Current Research


Evaluating the Effects of a Transit Fare Exemption for the Elderly in Brazil

This paper investigates how a policy that grants fare-free public transportation for the elderly affects the travel behavior of its beneficiaries. To identify the policy impacts, I explore the fact that eligibility for exemption is based on age thresholds that vary by gender and by city. Using data from household travel surveys, I estimate the causal effects of free-fare on travel behavior through a Regression Discontinuity Design.
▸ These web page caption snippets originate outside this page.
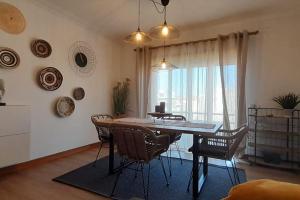 a dining room with a table and chairs and a window at Mar Doce Lar- Entre Mar e Ria in Gafanha da Nazaré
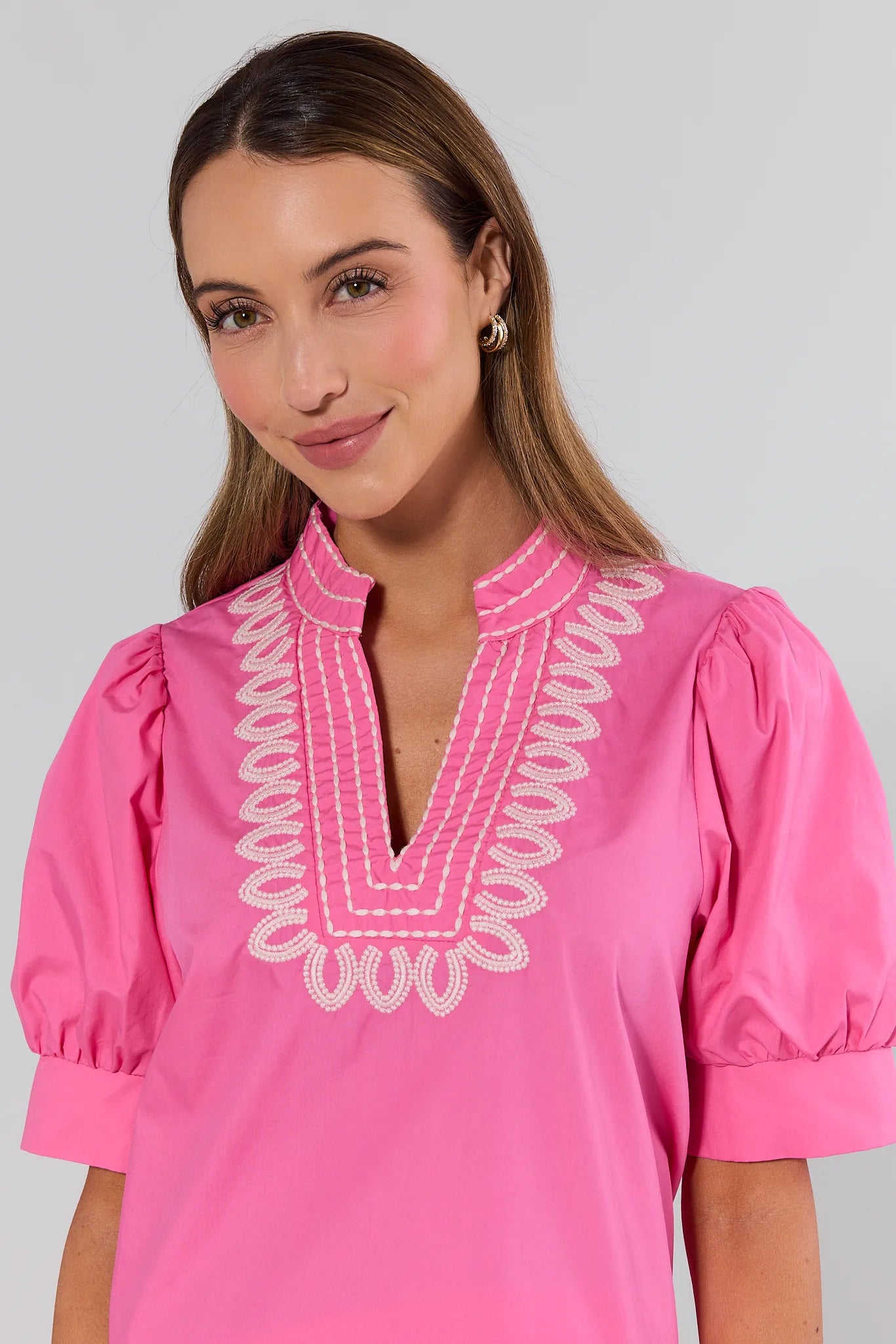 close up Woman wearing a pink blouse with white embroidery on a plain background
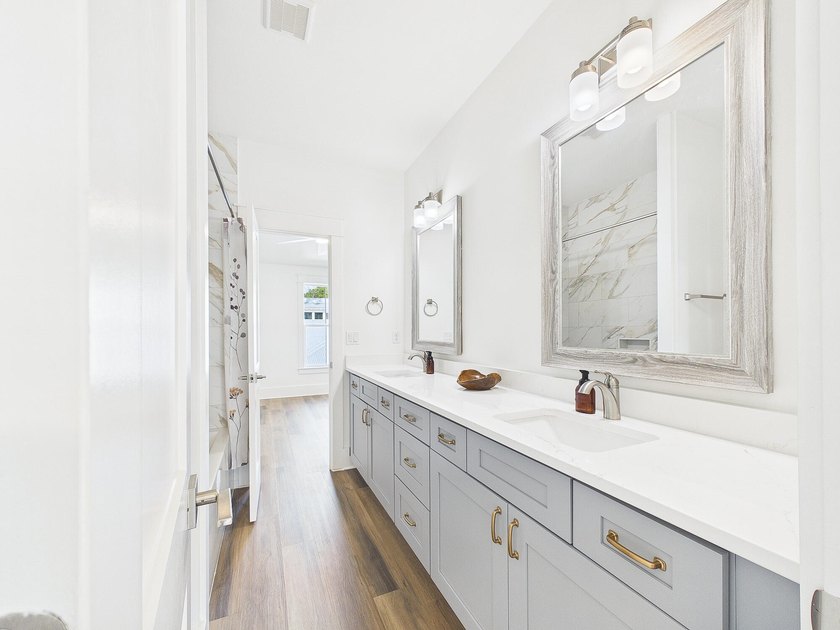 Discover coastal charm and modern luxury in this stunning Point - photo 34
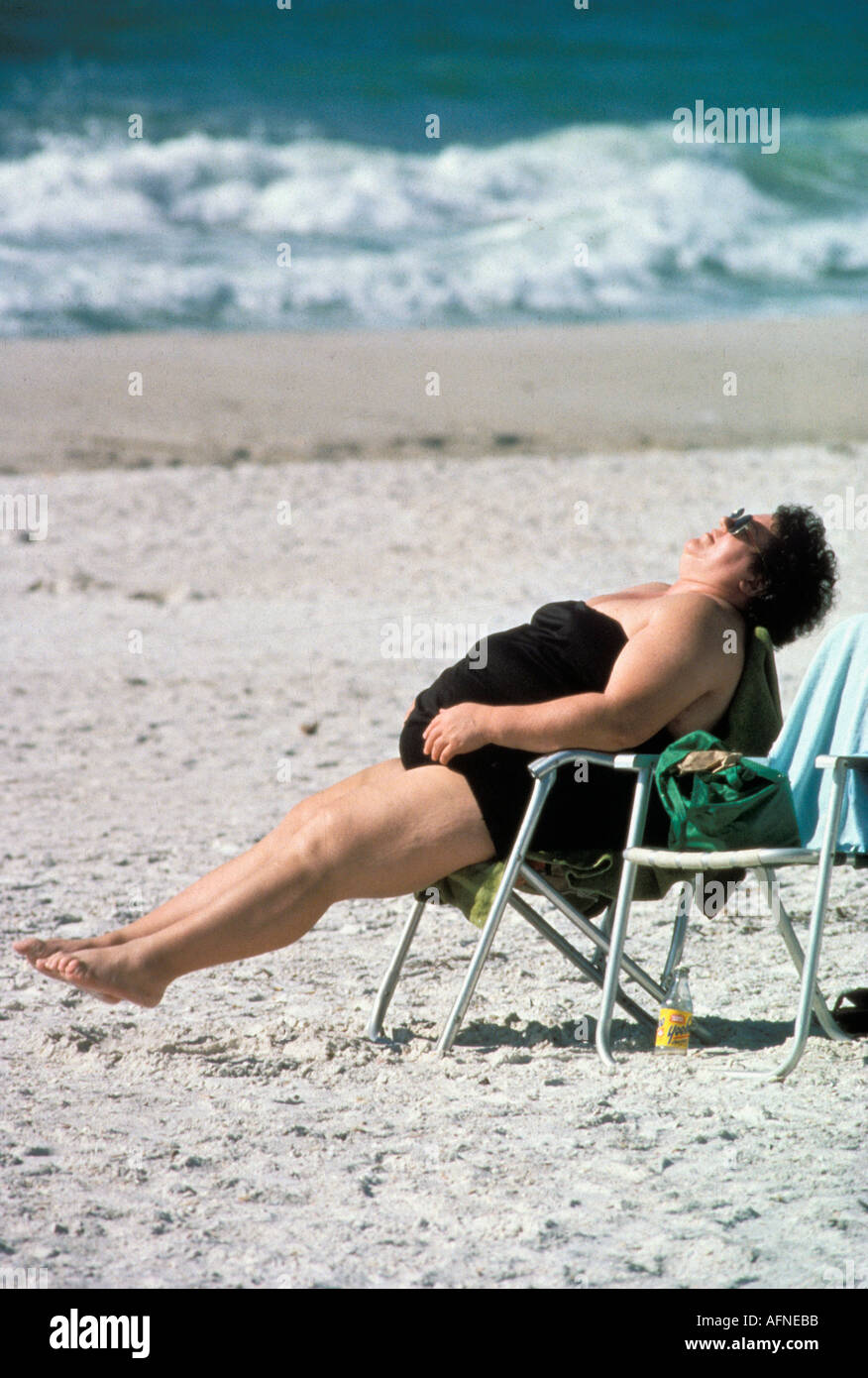 Donna sovrappeso non esercizi di stretching mentre è seduto in una sedia sulla spiaggia Foto Stock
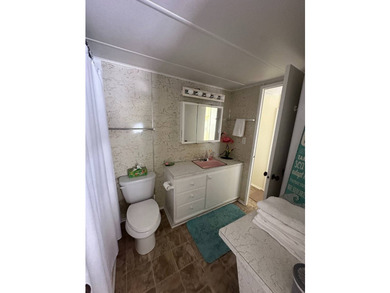 Charming vintage 2-bedroom, 1-bath mobile home located on an - photo 11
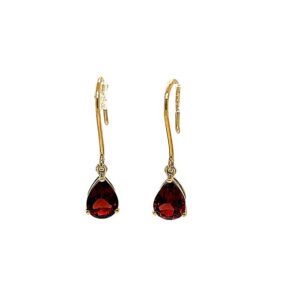 Gold drop earrings with red teardrop gemstones
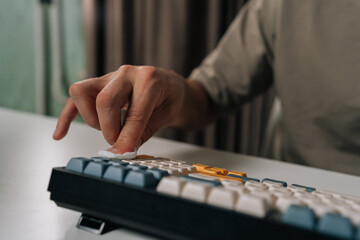Fototapeta premium Close-up of hand cleaning mechanical wireless keyboard with cotton swab, performing routine maintenance and hygiene for computer peripherals and digital devices. Concept of desktop PC maintenance.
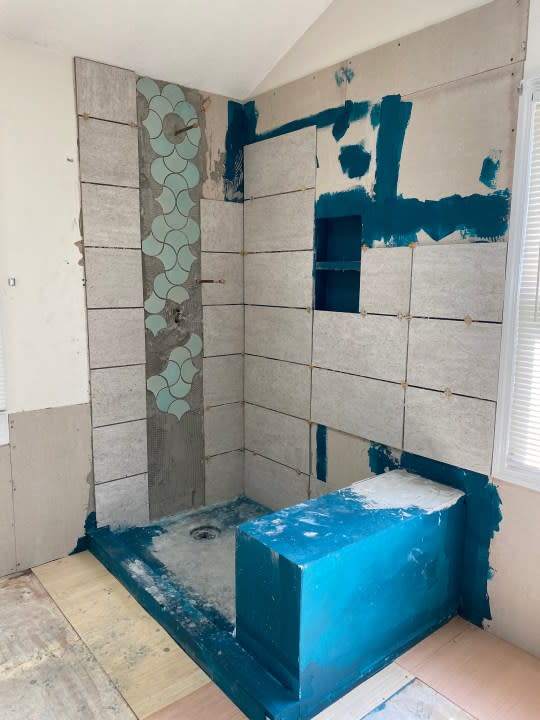 <strong><em>A photo showing Jacci Wallace’s bathroom as it was left by contractors working under Wood Construction. (Jacci Wallace)</em></strong>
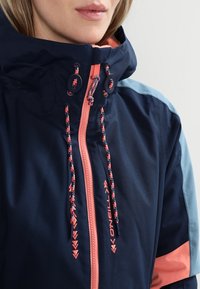 Marineblaue Jacke mit hellblauen Schulterakzenten, hoher Kragen, Reißverschluss vorne und bunten Kordeln mit einem Logo in Pink.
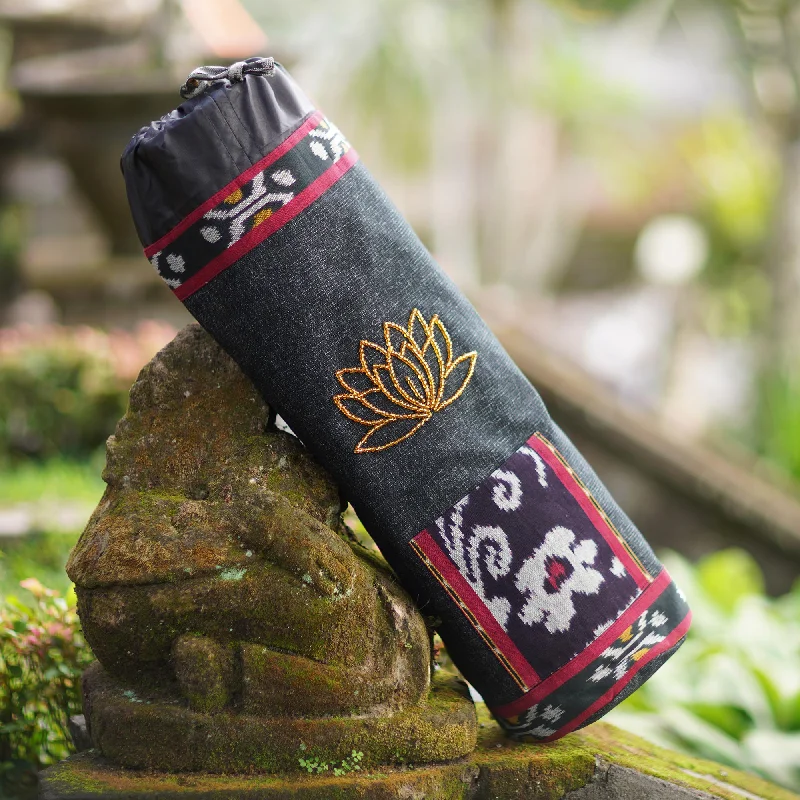 Weekend Specials to Snag Lotus Lagoon in Black Ikat Cotton Yoga Mat Bag with Glass Bead Motif Weekend Specials to Snag Lotus Lagoon in Black Ikat Cotton Yoga Mat Bag with Glass Bead Motif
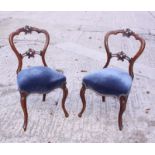 A set of six Victorian walnut balloon back dining chairs with stuffed over seats, upholstered in a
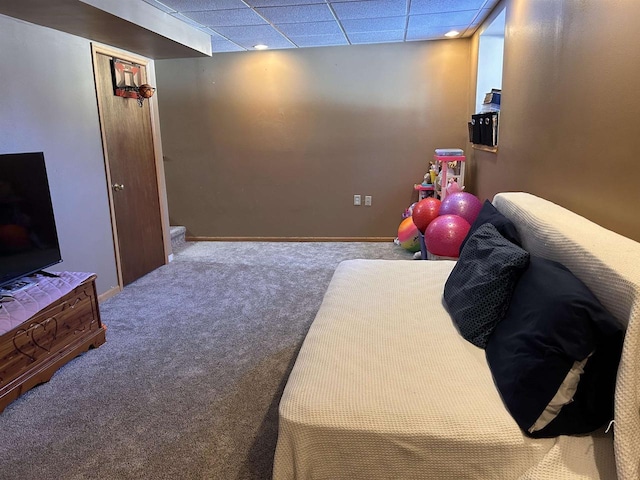 bedroom featuring a drop ceiling, carpet flooring, and baseboards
The results of my analysis indicate that eligibility for farefree public transportation increases transit ridership among beneficiaries in approximately 27.3%. However, I do not find any significant effects of the policy on mode substitution nor on trip characteristics.

Working Paper



Affirmative Action Expansion in Brazil: Effects on Access to Public Higher Education

With Mary Arends-Kuenning

This paper investigates how affirmative action policies for college admission improved the access of students from disadvantaged groups to public tertiary education in Brazil. We use a difference-in-differences design to explore the fact that between 2004 and 2012 several Brazilian federal universities implemented affirmative action policies at different points in time. Our results indicate that the policies were effective in increasing the shares of Negros and public high-school students in treated universities. However, the policies were not as effective for increasing the enrollment of low-income households. While the impacts of affirmative action policies were larger on prestigious programs, it was mostly negligible in the less competitive ones. Additionally, we observed that race-blind policies had no impact on increasing the participation of racial minorities in federal colleges; meanwhile race-conscious policies did achieve that outcome.

Working Paper



Why Should Developing Country Cities Reduce their Speed Limits? Evidence from São Paulo, Brazil

With Peter Christensen and Amanda Ang

Cities throughout the world are experimenting with more stringent speed limits in an effort to reduce road accidents. The effectiveness of these policies is of particular interest for developing world cities, where a disproportionate share of accident damages occur but also where extant congestion creates heightened concern about speed reduction. This paper empirically evaluates a set of policies that changed traffic speed limits and enhanced its enforcement in São Paulo, Brazil. We exploit the temporal and spatial heterogeneity of policy adoption to examine the effectiveness and impacts of enforcement using measurements of traffic accidents, traffic tickets issued by monitoring cameras, and a panel of repeat observations of real-time trip duration for a representative sample of travelers before and after the new regulations. Our results indicate that speed limit reductions reduced number of accidents by 28.9% on treated road segments while not affecting traffic volume. We find that camera-based enforcement augmented the effect of the speed limit reduction. We find that speed limit increases on major urban highways reduced trip times by 7.5% during off-peak periods, though we find no significant effects during peak hours. We estimate that the social benefits from the reduction in road accidents are at least 2.13 times larger than the costs of longer commutes. The benefits of accident reductions accrue largely to lower income pedestrians and motorcyclists, indicating that speed limit reductions have an important progressive welfare impact in developing country cities.